OGH 1Ob97/17x

OGH1Ob97/17x28.6.2017

Der Oberste Gerichtshof hat als Revisionsgericht durch den Senatspräsidenten Hon.‑Prof. Dr. Sailer als Vorsitzenden sowie die Hofräte Univ.‑Prof. Dr. Bydlinski, Mag. Wurzer, Mag. Dr. Wurdinger und die Hofrätin Dr. Hofer‑Zeni‑Rennhofer als weitere Richter in der Rechtssache der klagenden Partei T***** G*****, vertreten durch Dr. Franz Essl, Rechtsanwalt in Salzburg, gegen die beklagte Parteien 1. O*****, und 2. W***** AG *****, beide vertreten durch Mag. Gerlinde Füssel, Rechtsanwältin in Linz, wegen 12.500 EUR sA und Feststellung (Streitwert 3.500 EUR) über die außerordentliche Revision der klagenden Partei gegen das Urteil des Oberlandesgerichts Linz als Berufungsgericht vom 17. März 2017, GZ 1 R 39/17m‑33, mit dem das Urteil des Landesgerichts Linz vom 30. Dezember 2016, GZ 40 Cg 14/16k‑27, bestätigt wurde, in nichtöffentlicher Sitzung den

Beschluss

gefasst:

European Case Law Identifier: ECLI:AT:OGH0002:2017:0010OB00097.17X.0628.000

 

Spruch:

Die außerordentliche Revision wird zurückgewiesen.

Begründung:

Rechtliche Beurteilung

1. Die Vorinstanzen sind aufgrund beweiswürdigender Erwägungen von der Tatsachenfeststellung ausgegangen, dass die Klägerin auch bei vollständiger Risikoaufklärung in den medizinischen Eingriff eingewilligt hätte.

Auch wenn die Revisionswerberin dies unter den Revisionsgründen der Aktenwidrigkeit und der unrichtigen rechtlichen Beurteilung bekämpft, wendet sie sich in Wahrheit gegen die Beweiswürdigung der Tatsacheninstanzen (vgl nur RIS‑Justiz RS0043383; RS0117019), die aber einer Überprüfung durch den Obersten Gerichtshof nicht zugänglich ist.

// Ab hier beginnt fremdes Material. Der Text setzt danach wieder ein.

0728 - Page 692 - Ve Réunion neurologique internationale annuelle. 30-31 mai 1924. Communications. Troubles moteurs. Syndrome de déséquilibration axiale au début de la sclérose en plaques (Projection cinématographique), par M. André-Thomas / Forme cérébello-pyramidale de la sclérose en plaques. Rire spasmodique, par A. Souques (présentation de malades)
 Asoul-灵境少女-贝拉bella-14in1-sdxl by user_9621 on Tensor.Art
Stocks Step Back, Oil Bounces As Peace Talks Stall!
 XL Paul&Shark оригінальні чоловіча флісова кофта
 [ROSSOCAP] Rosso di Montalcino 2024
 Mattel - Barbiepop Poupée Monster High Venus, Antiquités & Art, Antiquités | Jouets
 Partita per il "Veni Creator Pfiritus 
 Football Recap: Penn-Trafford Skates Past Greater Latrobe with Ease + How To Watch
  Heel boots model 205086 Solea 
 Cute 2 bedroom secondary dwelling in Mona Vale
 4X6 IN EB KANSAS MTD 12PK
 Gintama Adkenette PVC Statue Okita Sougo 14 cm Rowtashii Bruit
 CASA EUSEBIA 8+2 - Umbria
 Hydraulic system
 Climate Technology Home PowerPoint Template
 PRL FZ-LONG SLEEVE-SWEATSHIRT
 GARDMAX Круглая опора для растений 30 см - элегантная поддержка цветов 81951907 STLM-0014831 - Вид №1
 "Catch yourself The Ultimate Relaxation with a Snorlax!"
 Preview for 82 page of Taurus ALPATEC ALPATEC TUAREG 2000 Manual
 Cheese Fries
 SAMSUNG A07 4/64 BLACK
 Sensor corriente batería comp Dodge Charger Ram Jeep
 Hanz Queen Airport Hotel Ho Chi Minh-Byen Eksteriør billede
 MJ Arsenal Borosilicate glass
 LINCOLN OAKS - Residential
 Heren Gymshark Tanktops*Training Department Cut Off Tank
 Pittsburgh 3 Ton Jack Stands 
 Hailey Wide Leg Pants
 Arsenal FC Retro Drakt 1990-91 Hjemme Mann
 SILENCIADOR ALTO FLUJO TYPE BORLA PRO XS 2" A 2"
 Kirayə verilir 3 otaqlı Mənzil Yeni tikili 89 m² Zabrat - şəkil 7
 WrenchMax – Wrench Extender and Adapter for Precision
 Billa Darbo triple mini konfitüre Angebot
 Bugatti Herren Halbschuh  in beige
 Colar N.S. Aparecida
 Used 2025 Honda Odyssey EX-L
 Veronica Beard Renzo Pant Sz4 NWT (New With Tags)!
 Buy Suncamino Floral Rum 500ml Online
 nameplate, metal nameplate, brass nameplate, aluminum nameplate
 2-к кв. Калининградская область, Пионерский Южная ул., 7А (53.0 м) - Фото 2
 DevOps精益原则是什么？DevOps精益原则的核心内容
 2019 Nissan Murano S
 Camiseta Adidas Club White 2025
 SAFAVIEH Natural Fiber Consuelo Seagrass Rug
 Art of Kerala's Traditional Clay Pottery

2. Auch die Revisionsausführungen zur vermeintlich unzutreffenden Verneinung eines Anscheinsbeweises durch das Berufungsgericht zeigen die unrichtige Lösung einer im Sinne des § 502 Abs 1 ZPO erheblichen Rechtsfrage nicht auf, zumal die Revisionswerberin selbst nicht in Frage stellt, dass der Beweis des ersten Anscheins nur bei typischen Geschehnisabläufen eingreift, also in Fällen, in denen bestimmte Sachverhaltselemente nach der Lebenserfahrung auf eine bestimmte Ursache für den Eintritt eines bestimmten Erfolgs hinweisen (vgl RIS‑Justiz RS0040266; RS0040287; RS0039895). Die Revisionswerberin ist insbesondere nicht in der Lage, nachvollziehbar darzulegen, von welchen (von den Tatsacheninstanzen festgestellten) Sachverhaltselementen sie im Sinne eines typischen Geschehnisablaufs auf einen bestimmten Kausalverlauf schließen will. Abgesehen davon, dass die von ihr angesprochenen Passagen in der Beweiswürdigung des Erstgerichts lediglich Ausführungen des Sachverständigen wiedergeben, nach denen von Patienten Verbesserungen der Beschwerdesymptomatik bei der Verabreichung eines bestimmten Arzneimittels angegeben worden seien, der Nutzen dieses Medikaments jedoch nicht wissenschaftlich belegt sei, wäre ein typischer Geschehnisablauf auch dann nicht erkennbar, wenn es sich um explizite (und dislozierte) Tatsachenfeststellungen handeln sollte. Insbesondere fehlt jede Konkretisierung dahin, in wie vielen Fällen bei welchen Patienten Verbesserungen der Beschwerden eintreten und zu welchen Zeitpunkten diesen Patienten das Medikament verabreicht wurde. Die Revisionswerberin beruft sich ja in erster Linie darauf, eine frühere Verabreichung dieses Medikaments hätte bei ihr zu maßgeblichen Verbesserungen der Beschwerden geführt. Eine Tatsachengrundlage, auf die ein entsprechender Anscheinsbeweis gestützt werden könnte, ist aber nicht zu erkennen.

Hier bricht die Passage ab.